Imagine this circumstance: Your partner of, say, forty years can no longer dress, or drive, or fix a simple meal independently. He or she depends on you, without remembering who you are, for a sense of security almost every minute of every day. You don't know what will happen if you take this person, who looks much the same as any other older adult but who may suddenly behave or speak oddly, to the grocery store, or to a restaurant or to a shopping mall, never mind the private difficulties of orchestrating such an outing.

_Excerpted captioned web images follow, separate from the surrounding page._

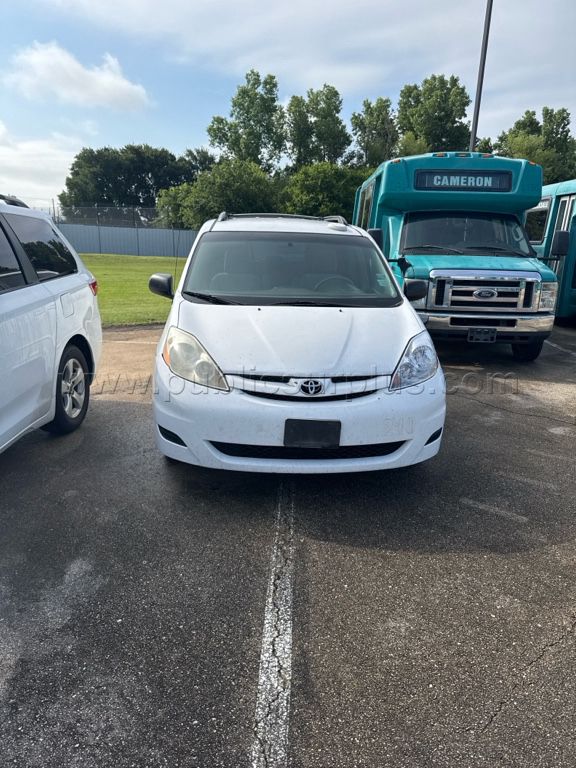 UNIT 210 - 2009 TOYOTA SIENNA LE 5TDZK23C29S282722 — photo 1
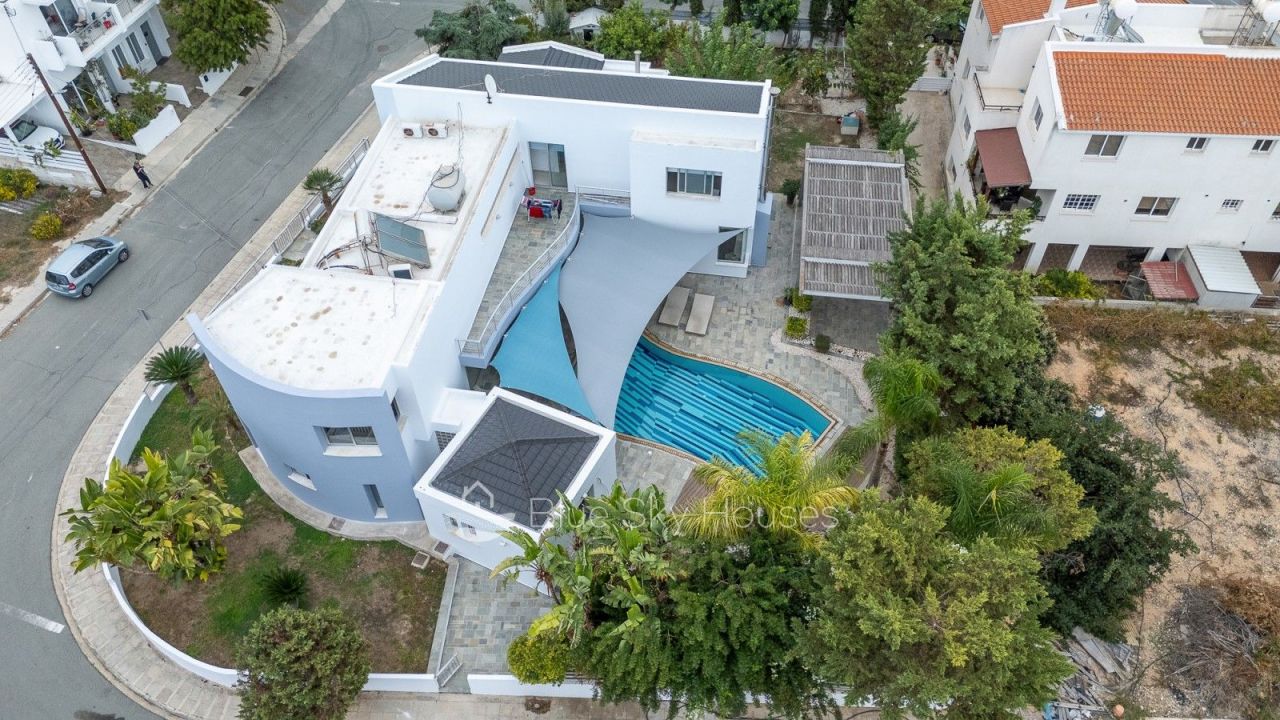 Villa in Paphos, Cyprus, 350 m² - picture 2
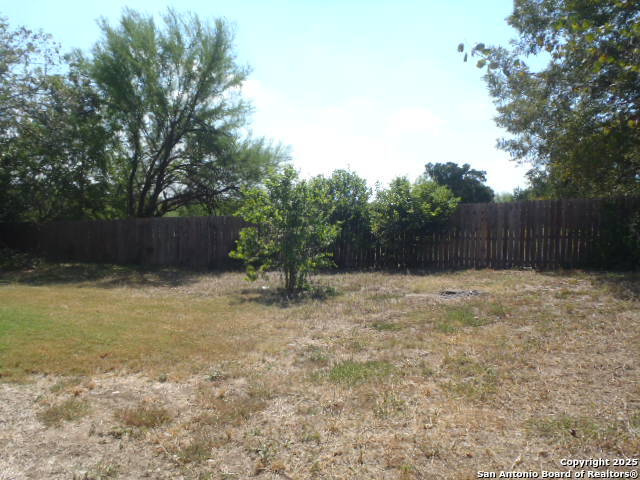 Image 8 of 26 For 923 Springhill Dr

I know a charming woman in mid-stage dementia, for example, who believes almost every person she encounters is a close friend. She throws her arms around waitresses and sales clerks. She climbs, smiling, into strangers' cars. Her beleaguered husband, tired of the drama, tired of explaining, and tired, period, finally pinned a conspicuous note to her clothing with the words I have Alzheimer's printed in bold letters.

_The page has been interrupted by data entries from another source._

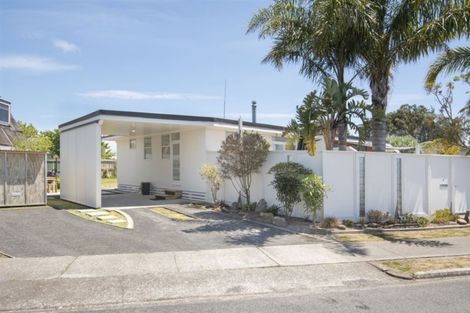 Photo of property in 4 Tahara Crescent, Mount Maunganui, 3116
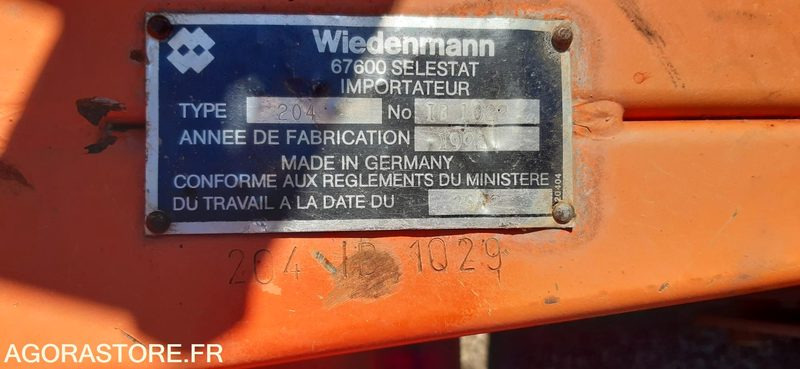 Balayeuse stade Wiedeman - 1992 - 정원 장비 : 사진 2 Balayeuse stade Wiedeman - 1992 - 정원 장비 : 사진 2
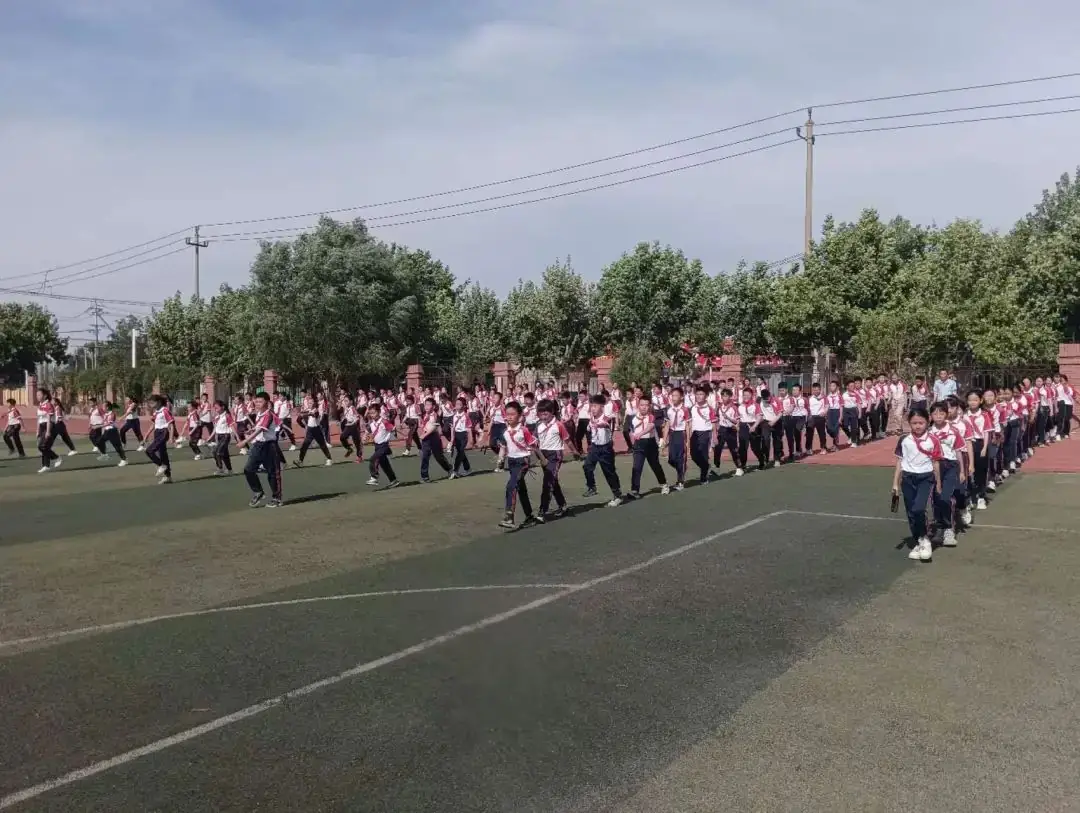 实小动态丨坊子区实验小学举行阳光大课间展示活动 第4张 实小动态丨坊子区实验小学举行阳光大课间展示活动 第4张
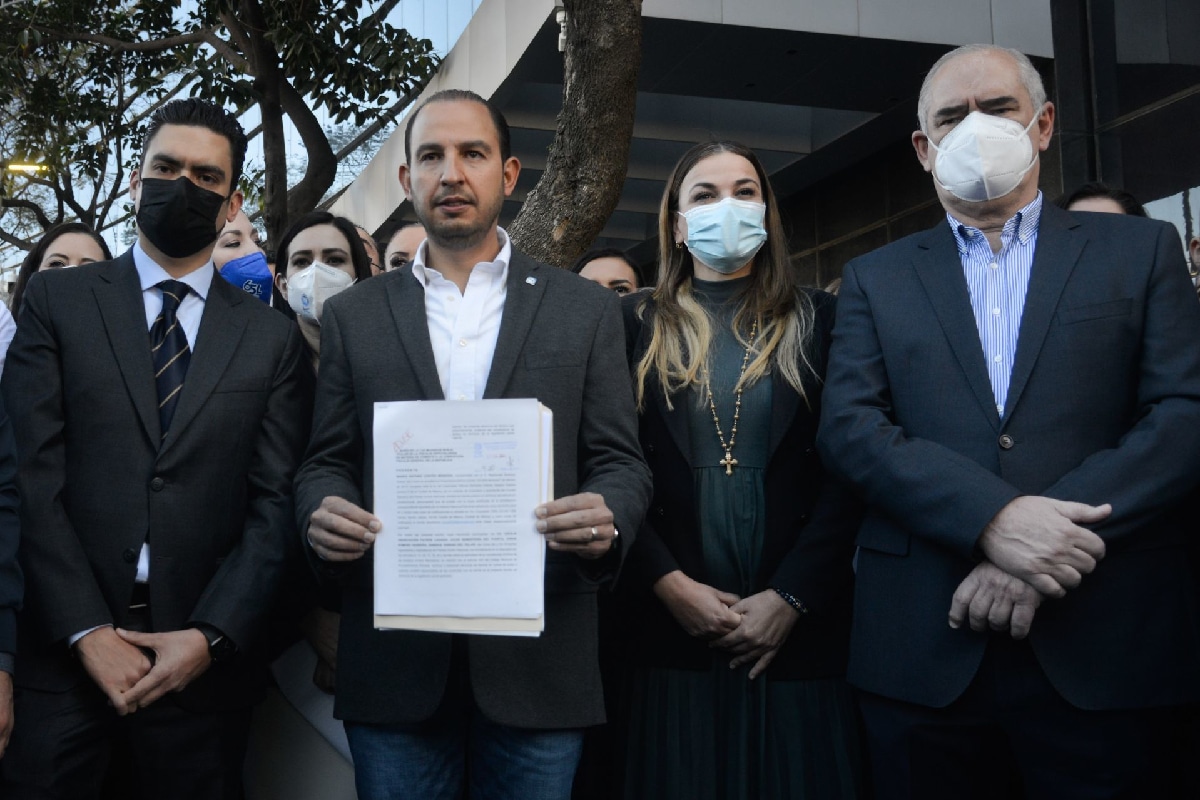 Marko Cortés, dirigente nacional del PAN, acompañado por legisladores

One might question his action in the interest of the woman's dignity. The right to dignified treatment has nothing to do with intellect. It's a matter of basic humanity. The greater concern, however, is that we do not, often enough, recognize dementia for what it is and take the erratic behaviors and confusion in sympathetic stride. What a different world it would be for people whose lives have been upended by Alzheimer's disease if they felt the support of everyone, friends and strangers alike. If we all "invisibly" wore purple during our daily walks throughout the whole year. There would be no need for a note pinned to the blouse of an uncomprehending person, spelling out the problem in a tacit plea for understanding.

The Alzheimer's Association walks raise money, desperately needed, if the Association is to realize its overarching goal of bringing about an end to Alzheimer's. But walks are also about awareness and the need to make this awareness an integral influence in our everyday actions and attitudes. We can end the stigma of Alzheimer's disease without cost, as communities of people wearing "invisible" purple -- reacting helpfully when we see a patient or caregiver struggling and reaching out with compassion to those among us who have suffered such massive personal losses. Connection to others doesn't have to be among these losses.